The disadvantage is that the deoxygenation temperature of ternary materials is 200℃, and they cannot pass the needle penetration test, indicating that ternary batteries are prone to safety accidents such as combustion and explosion when there is an internal short circuit or damage to the battery casing.
What exactly are the three elements in a ternary lithium-ion battery? The "ternary" in ternary lithium-ion batteries refers to a polymer containing three metallic elements: nickel (Ni), cobalt (Co), and manganese (Mn) or aluminum (Al). These elements serve as the positive electrode in ternary lithium-ion batteries. All three are indispensable and play a crucial role within the battery.
Nickel: Its main use is to increase the volumetric energy density of batteries, which is a key breakthrough in improving driving range. However, excessive nickel content can cause nickel ions to occupy lithium ion positions (nickel-metal hydride mixing), resulting in a decrease in capacity.
Cobalt: It suppresses the mixing of cations to improve stability and extend battery life. In addition, it also determines the charging and discharging speed and efficiency (rate performance) of the battery. However, excessive cobalt content will lead to a reduction in actual capacity.
Aluminum or manganese: Cobalt is a very expensive rare metal with high cost. The purpose of manganese or aluminum is to reduce the cost of cathode materials while improving the safety and stability of the battery.

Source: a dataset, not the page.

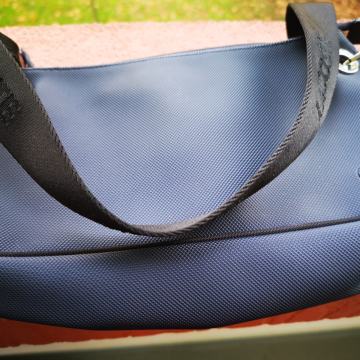 TORBICA MALA LAKOSTE KOT NOVA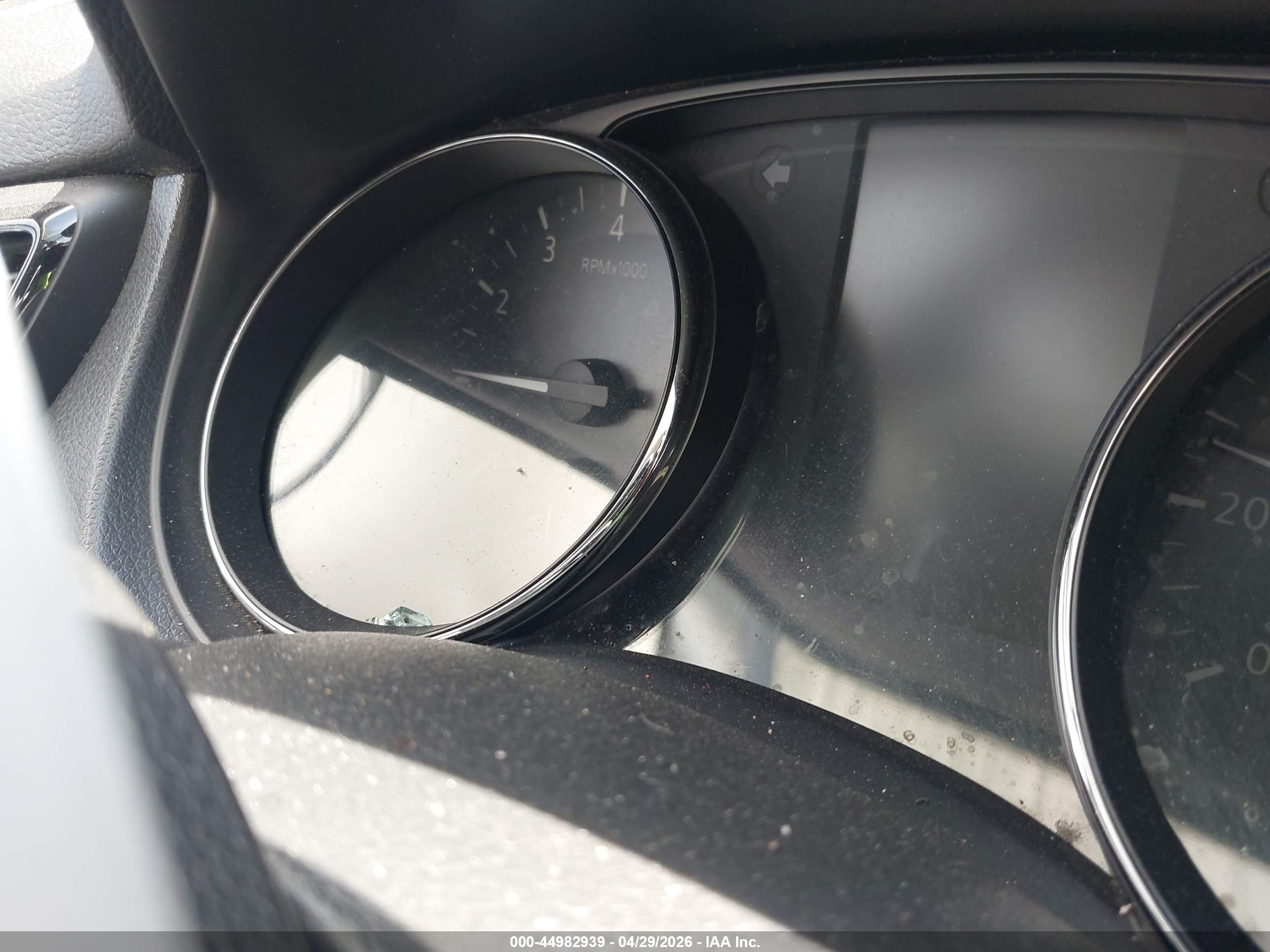 NISSAN ROGUE image 7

To increase the capacity of ternary lithium-ion batteries, the proportion of nickel in the cathode must be increased. Therefore, the proportion of nickel has been continuously increasing, from the early NCM111 to the NCM523 and NCM611 in the last two years, and then to the NCM811 that has been launched this year. As battery energy density increases, the use of nickel is becoming more and more extensive.
Using more nickel inevitably reduces the proportion of cobalt and manganese. Will this affect battery life and stability? Theoretically, yes, but currently, the mainstay of ternary lithium-ion batteries is undoubtedly the "high-nickel" ternary lithium-ion battery. This is partly due to policy reasons; electric vehicles with longer driving ranges and higher battery energy densities receive more government subsidies. On the other hand, automakers are vying for attention, engaging in a range race, as if whoever has the longest range has the most advanced technology.
With the phasing out and eventual withdrawal of subsidies, the "high-nickel" impulse in ternary lithium-ion batteries may cool down. Meanwhile, with advancements in lithium iron phosphate (LFP) technology, competition with ternary lithium batteries is to be expected. BYD revealed in August that its upcoming new generation of LFP batteries will boast a 50% increase in volumetric energy density, a lifespan of up to 8 years/1.2 million kilometers, and cost savings of 30%. Some analysts suggest that LFP's energy density could rival that of 622 ternary lithium-ion batteries. If this is true, coupled with its superior safety, long lifespan, and low cost, LFP batteries may very well return to the forefront.
It's not accurate to say which is better, lithium iron phosphate (LFP) batteries or ternary lithium-ion batteries; rather, each has its strengths. LFP batteries excel in long lifespan, safety, and low cost, but their energy density and low-temperature performance are slightly inferior. Ternary lithium-ion batteries, on the other hand, boast high energy density and large capacity, but their safety and lifespan are slightly less desirable.